Morgens im Park Links der Weser

Das war eben im Park Links der Weser, zwischen Huchting und Grolland. Steht man mitten drin, wirkt der Sonnenaufgang mit dem morgendlichen Nebel recht beeindruckend. Fotografisch festhalten lässt sich so eine Szene leider immer nur sehr schwer. Aber dies ist zu jeder Jahreszeit die schönste Tageszeit, um mit dem Fahrrad zu fahren …


Wolken (15.09.2021)

Solche Bilder werden von Flacherdlern gerne dazu benutzt, um den Beweis anzutreten, dass die Sonne nur ein paar Kilometer über der "Erdscheibe" sitzt. Da wird dann ein Dreieck eingezeichnet, das den Horizont als Basis hat und an der Stelle, an der sich die beiden Strahlenbüschel (Als Schenkel des Dreiecks eingezeichnet) treffen, muss folglich die Sonne sitzen. Nix mit 150 Millionen Kilometern. Es wurden soeben bewiesen, dass sie nur knapp über der Wolkendecke befestigt ist.

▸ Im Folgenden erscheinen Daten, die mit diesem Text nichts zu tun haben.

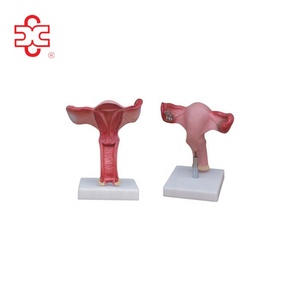 膣医療解剖学モデル - Product Image 1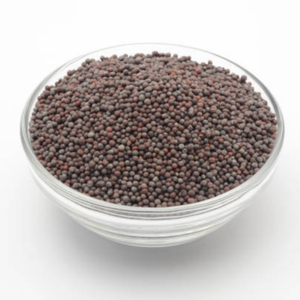 Graines de moutarde brune biologique, haute pureté, aromatiques, entières, pour la transformation alimentaire mondiale, fournisseurs B2B, usine, prix compétitifs - Product Image 5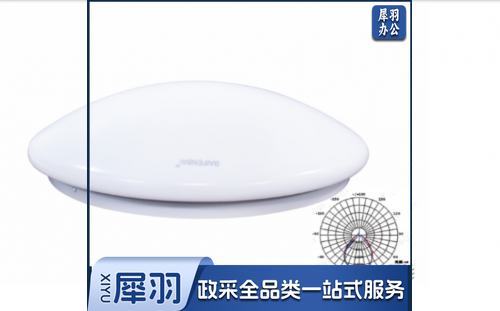 智能感应吸顶灯（全亮15W/微亮3W/全熄灭底盘直径300mm）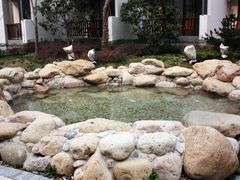 温泉-苏州香山国际大酒店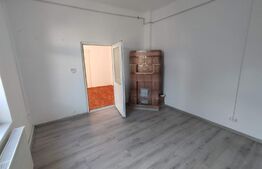 Casa individuala 8 camere, 250mp, teren 900mp, Rudului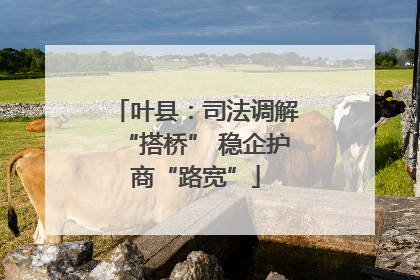 叶县：司法调解“搭桥” 稳企护商“路宽”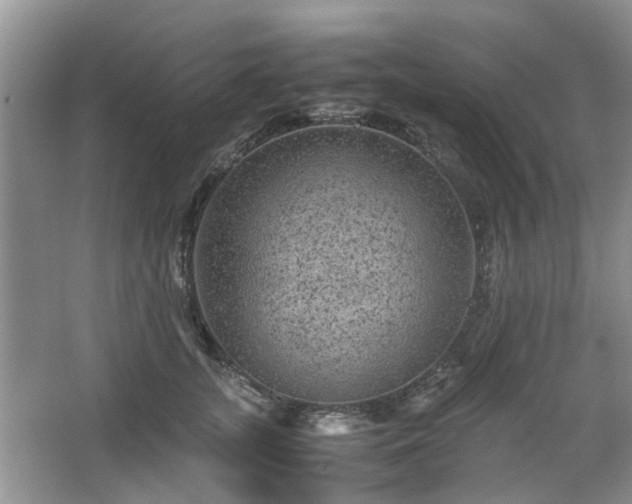 X0000067460755200604101132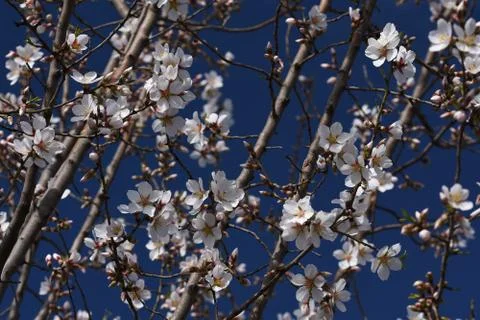4209-tree blossoms Stock Photos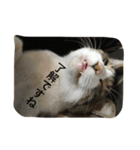 my lovely cat 2（個別スタンプ：31）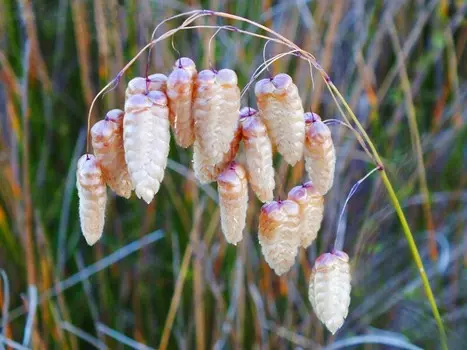 Бриза Большая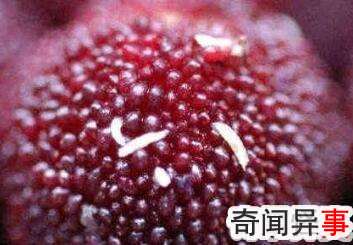 果蝇幼虫吃进肚子有什么危害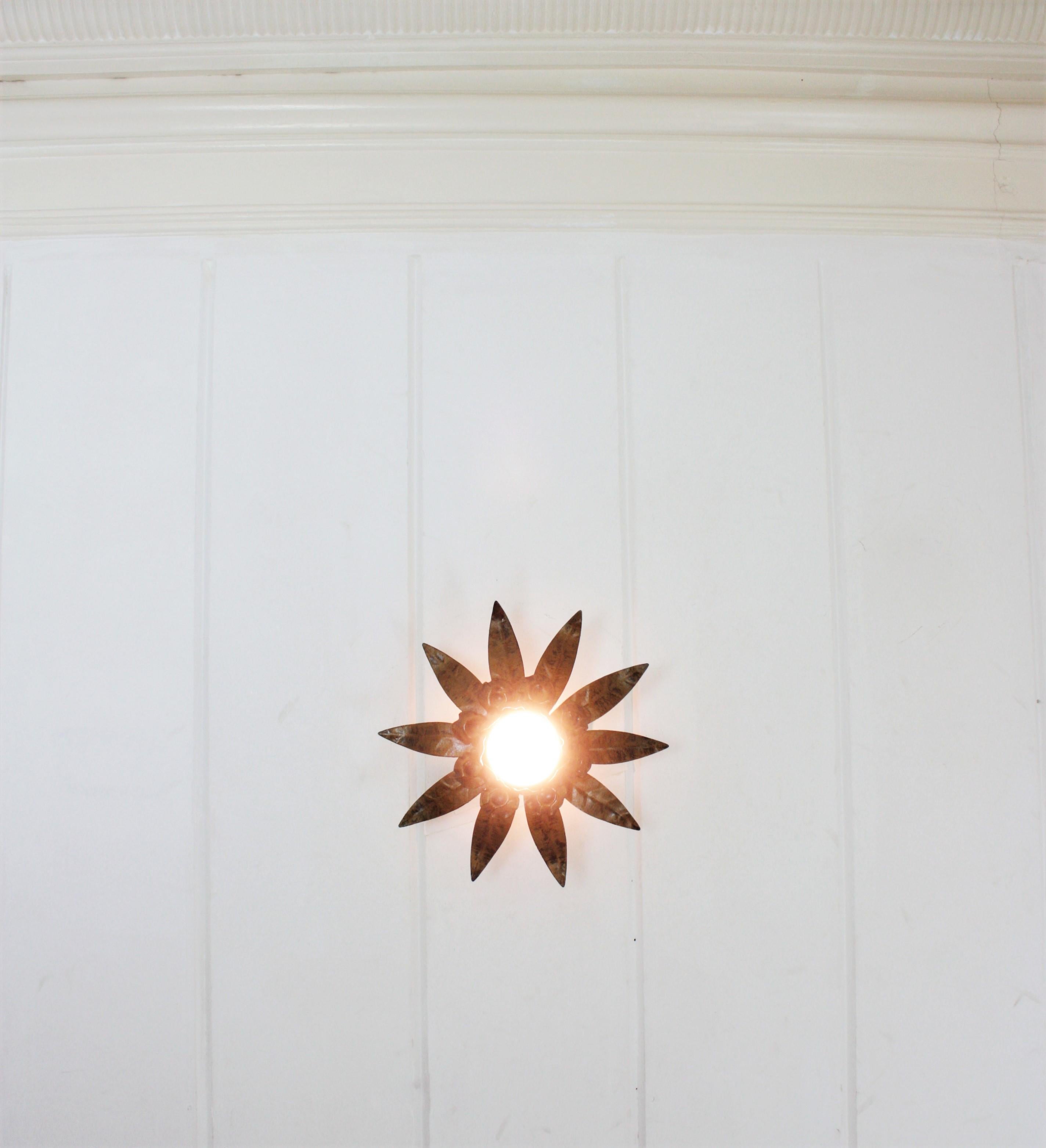 Sunburst Flower Light Fixture in Gilt Bronze Patinated Metal 11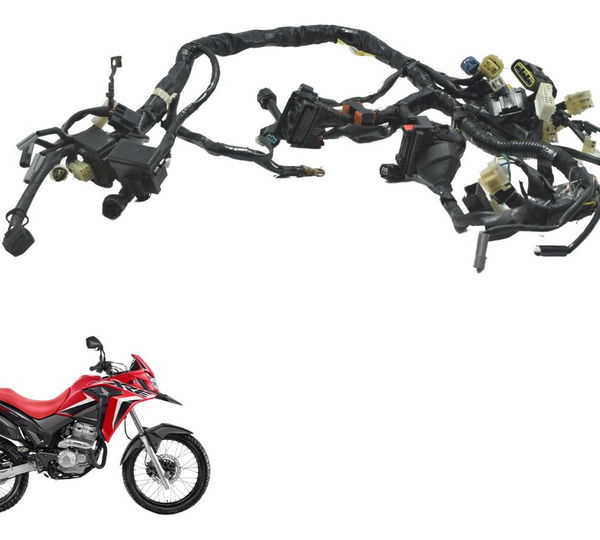 Chicote Principal Honda Xre 300 19-25 Original
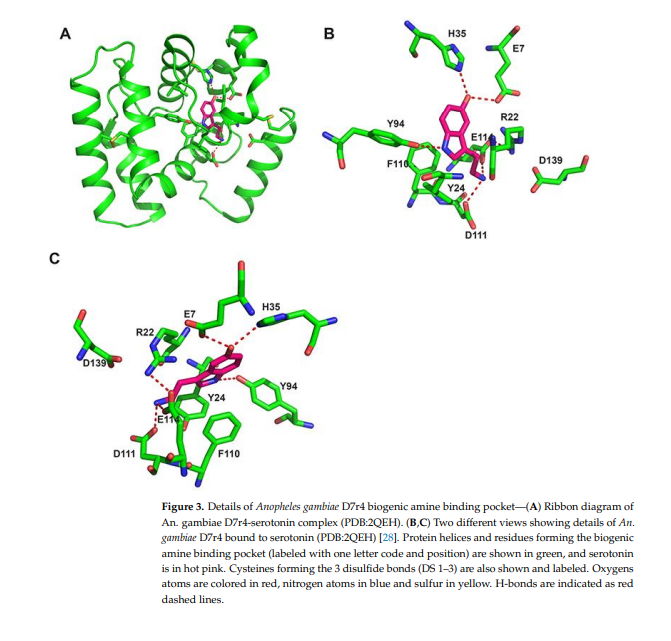 cistanche penis growth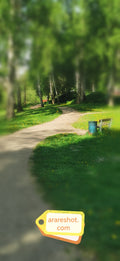 Forest Curve Path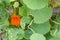 Nasturtiums in garden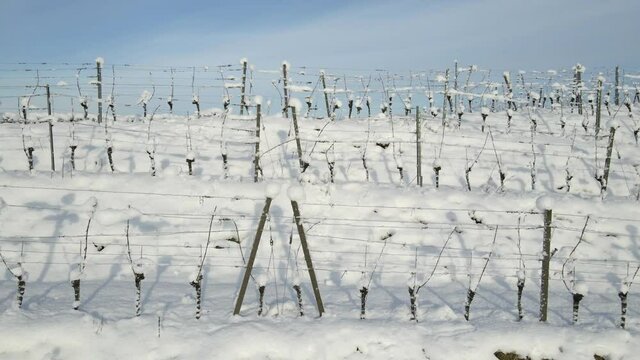 Vineyard Trellis Covered With Snow During Winter In Zell-Weierbach In Offenburg, Germany. - aerial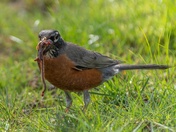 The American Robin and earthworms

Was bei den eingezeichneten Dreiecken immer gerne vergessen wird, ist die Tatsache, dass das Bild auch eine Tiefe hat, die Linien also nicht zusammenlaufen, sondern sich einfach nur vom Betrachter entfernen. Aber wer unbedingt glauben will, dass wir auf einer Scheibe leben, dem kann man auch mit einfachen Grundlagen der Physik nicht mehr helfen.

Trotzdem sieht sowas immer wieder beeindruckend aus, finde ich. :-)


Du gemeiner Schwefelporling, du!

Das Holz war Totholz, einen Schaden kann der Pilz also nicht mehr verursachen. Aber in diesem Licht kam die leuchtend gelb-orange Farbe des gemeinen Schwefelporling besonders gut zur Geltung.

Entdeckt hatten wir ihn auf einem kleinen Singletrail-Trampelpfad durch ein kleines Waldstück hier im Park links der Weser.